X-ray crystallography
by Anders Bárány
Nobel Prizes and X-ray crystallography
In the autumn of 1895, Alfred Nobel must have been thinking a lot about the new (and final) version of his will, which was signed in the presence of witnesses in Paris on November 27. As is well known, Nobel mentioned physics as the first prize area to be rewarded and the physics Nobel Laureates always receive their prizes first. What Nobel could not be aware of in the autumn of 1895 was a research project carried out at the same time in Würzburg by the man who, in 1901, would receive the very first Nobel Prize in Physics and thus the very first Nobel Prize all categories. His name was Wilhelm Conrad Röntgen, and during an investigation of cathode rays he made a remarkable discovery already on the 8th of November. When the cathode rays, that we now know are energetic electrons, hit the wall of the evacuated glass tube that housed the electrical connections, a new kind of rays were emitted. In his first communication on the discovery, in December 1895, Röntgen named them X-rays, the “X” being used, as in mathematics, for something unknown. We now know that X-rays are energetic electromagnetic waves with a very short wavelength, today typically measured in terms of a nanometer, i.e. 10-9 meter. We all know that X-rays are very useful in practical medicine, since they penetrate most matter and allow insight into our bodies. But what will be described in this Topic Cluster is another use of them: Since the nanometer scale also happens to be the typical scale for the atomic and molecular structure of matter, X-rays have become the so-far most important tool for probing this structure.
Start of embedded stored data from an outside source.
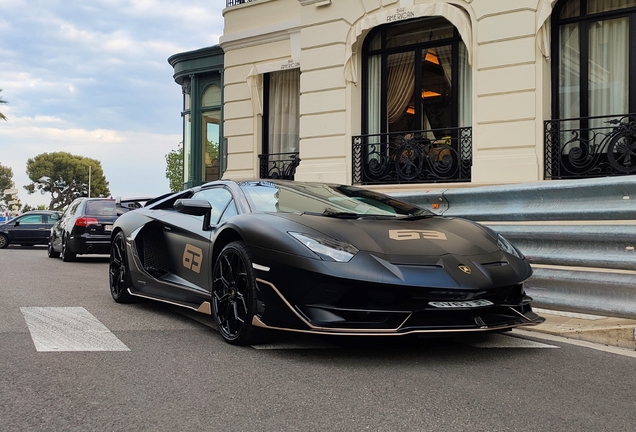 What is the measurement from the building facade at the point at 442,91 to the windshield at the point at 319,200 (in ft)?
16.0

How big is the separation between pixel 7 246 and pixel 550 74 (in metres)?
20.8

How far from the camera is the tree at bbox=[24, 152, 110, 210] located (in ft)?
297

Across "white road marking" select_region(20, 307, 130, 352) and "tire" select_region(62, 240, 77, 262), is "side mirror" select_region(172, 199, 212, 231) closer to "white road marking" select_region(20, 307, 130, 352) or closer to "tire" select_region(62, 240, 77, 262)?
"white road marking" select_region(20, 307, 130, 352)

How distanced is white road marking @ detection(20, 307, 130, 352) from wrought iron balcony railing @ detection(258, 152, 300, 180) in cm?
829

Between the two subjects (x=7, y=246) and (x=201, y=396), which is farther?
(x=7, y=246)

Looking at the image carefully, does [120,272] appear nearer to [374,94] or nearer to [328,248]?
[328,248]

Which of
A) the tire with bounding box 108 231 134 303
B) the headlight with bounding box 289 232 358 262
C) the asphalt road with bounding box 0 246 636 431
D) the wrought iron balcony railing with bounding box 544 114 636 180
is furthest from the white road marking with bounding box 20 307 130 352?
the wrought iron balcony railing with bounding box 544 114 636 180

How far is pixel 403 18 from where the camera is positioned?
1138cm

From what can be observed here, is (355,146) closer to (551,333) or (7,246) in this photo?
(551,333)

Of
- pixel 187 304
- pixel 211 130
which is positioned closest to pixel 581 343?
pixel 187 304

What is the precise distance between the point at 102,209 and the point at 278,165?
12.6 ft

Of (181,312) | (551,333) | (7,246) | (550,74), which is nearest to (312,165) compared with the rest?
(550,74)

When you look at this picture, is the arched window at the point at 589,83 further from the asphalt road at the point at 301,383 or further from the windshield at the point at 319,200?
the asphalt road at the point at 301,383

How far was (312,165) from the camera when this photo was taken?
488 inches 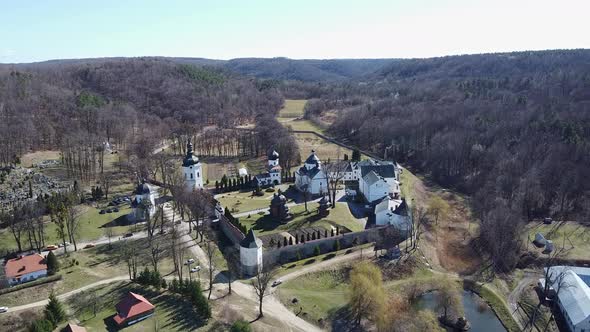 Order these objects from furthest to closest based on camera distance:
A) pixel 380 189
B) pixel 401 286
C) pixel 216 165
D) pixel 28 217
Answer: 1. pixel 216 165
2. pixel 380 189
3. pixel 28 217
4. pixel 401 286

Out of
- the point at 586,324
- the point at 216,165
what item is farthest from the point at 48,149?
the point at 586,324

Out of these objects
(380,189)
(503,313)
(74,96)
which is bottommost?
(503,313)

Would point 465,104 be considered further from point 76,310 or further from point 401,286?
point 76,310

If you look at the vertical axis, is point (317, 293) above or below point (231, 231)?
below

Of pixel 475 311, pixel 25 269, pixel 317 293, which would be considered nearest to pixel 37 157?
pixel 25 269

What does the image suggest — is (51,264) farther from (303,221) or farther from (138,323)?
(303,221)

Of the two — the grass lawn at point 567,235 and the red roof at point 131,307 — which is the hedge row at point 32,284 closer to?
the red roof at point 131,307

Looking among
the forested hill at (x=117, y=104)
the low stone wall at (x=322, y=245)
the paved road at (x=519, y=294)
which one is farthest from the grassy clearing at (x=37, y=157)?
the paved road at (x=519, y=294) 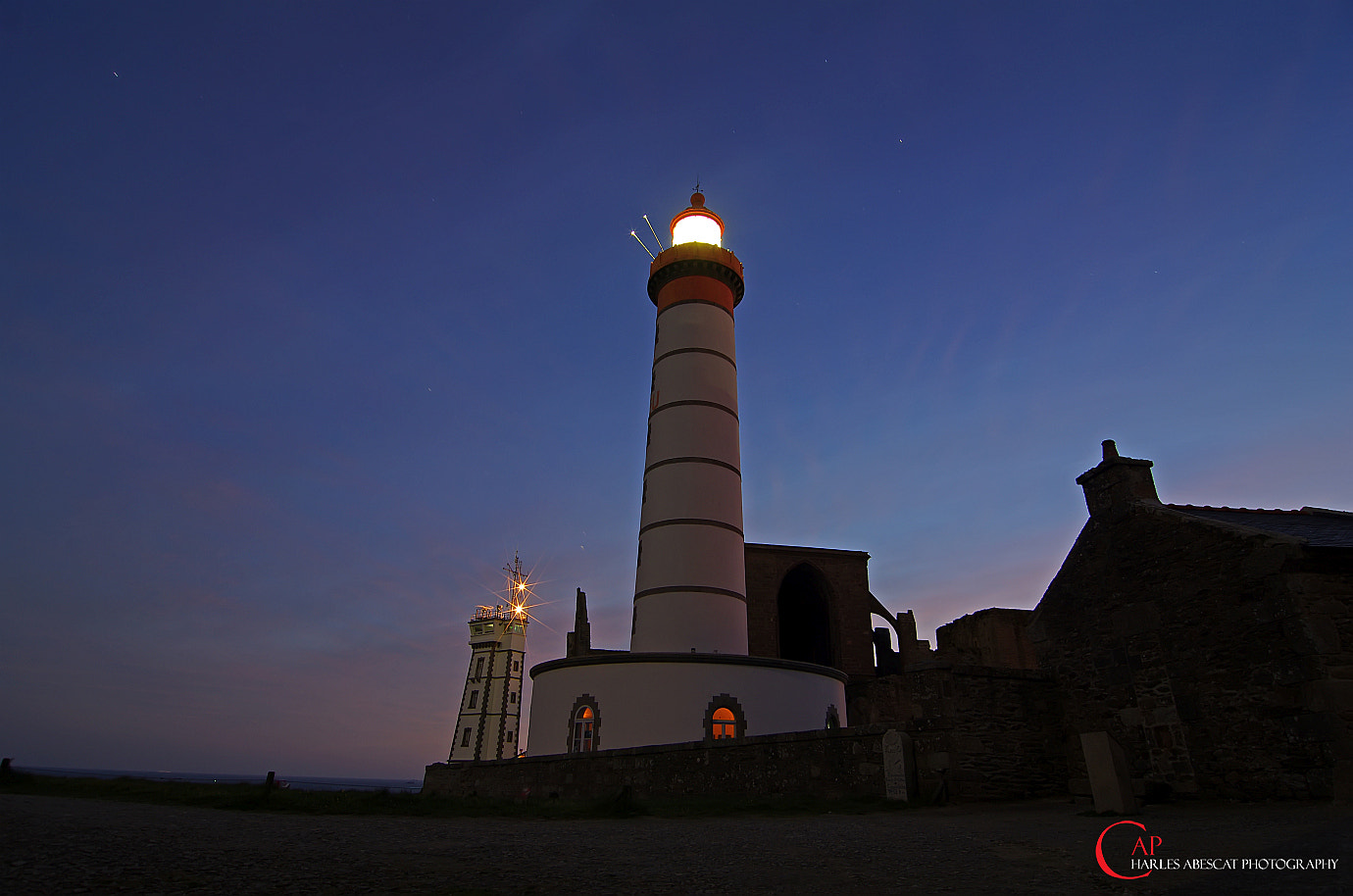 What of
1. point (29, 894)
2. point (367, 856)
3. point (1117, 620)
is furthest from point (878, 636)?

Crystallography as such is a very old topic, at times involving quite a lot of mathematics. But X-ray crystallography starts in 1912 with a discovery by Max von Laue (Nobel Prize in Physics 1914) and collaborators. They found that crystals bend (diffract) X-rays into certain preferred directions. Since X-rays have the property of darkening photographic plates, putting such plates behind an irradiated crystal will produce photographs with spots. The spots form regular patterns, and the preferred directions can thus be stored on the photographic plates and analysed according to location and intensity. This diffraction effect was quickly explained as a wave phenomenon, an interference effect between X-ray waves reflected from different crystal planes, by Lawrence Bragg (Nobel Prize in Physics 1915). Together with his father William (with whom he shared the Nobel Prize) he used these so-called diffraction patterns to determine the structure of many simple crystals.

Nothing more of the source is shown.